Yesterday was our 6 week baby check, with both the health visitor and the GP. Naturally, Colt was in top form at these appointments- he smiled gummily at the health visitor, waving his arms adorably and made sweet baby noises (he has the most delicious dove-like coo). However, my GP is a good listener and notwithstanding evidence to the contrary in front of her, she didn't dismiss our concerns. What she did do was prescribe infant gaviscon on the basis it may be silent reflux.

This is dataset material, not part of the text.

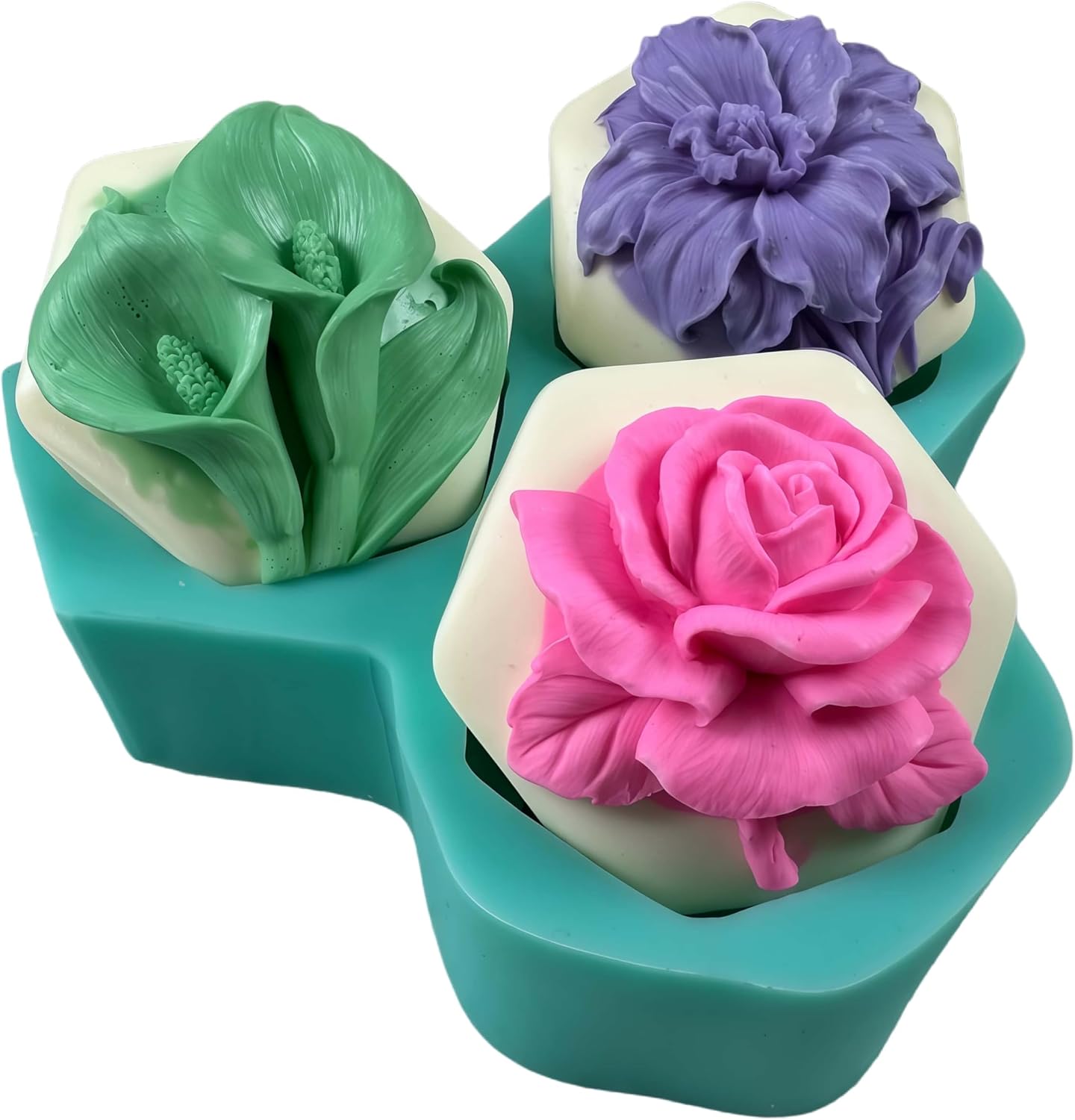 3 Mixed Flowers Soap Molds,Hexagon DIY Silicone Mold for Handmade Soap Scented Candle Wax Chocolate Cake Jelly Gum Aroma Plaster Diffuser Epoxry Resin Craft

My instinct is that it is not reflux. He does have some occasional symptoms-there is a bit of back arching, for example- but he is quite happy to lie flat much of the time, he feeds well, and he doesn't spit up much at all. But then again, I could be wrong. He does get a hoarse little cry sometimes when he is full blown screaming mode, and he stiffens like a plank rather than bunches up. He does like being upright in the sling. In all cases, he releases bullet-like farts, which make him cry and then seem to ease the suffering. So we tried the infant gaviscon anyway last night in a frantic bid to calm him. I had no expressed milk left in the fridge and wasn't much up for trying to pump any at 1am, so we stupidly adminstered it with a syringe which was was a complete nightmare and left him with a distended belly full of wind with no relief whatsoever. We might try it again in a bottle, if I can bear it.
In short, it's pretty much hell and we don't know why. Initially I was quite composed about it all but after night upon night of virtually no sleep- I am just freaking exhausted. We tried at one stage to take it in shifts though the night but Knox 's sleep cycle is very easily thrown out of kilter. It reached the point where he was staying up until dawn, then needing to sleep during the day to recover- which is not exactly much help either as I still have to get up and deal with Botany most days. And I would like a nap too, if someone could please take the baby off my chest for an hour. Knox is also finding it harder than I am to remember this is probably just a stage which will eventually pass soon. I have virtually no reserves left to console him as well. And right now, relief is taking its slow and not terribly sweet time.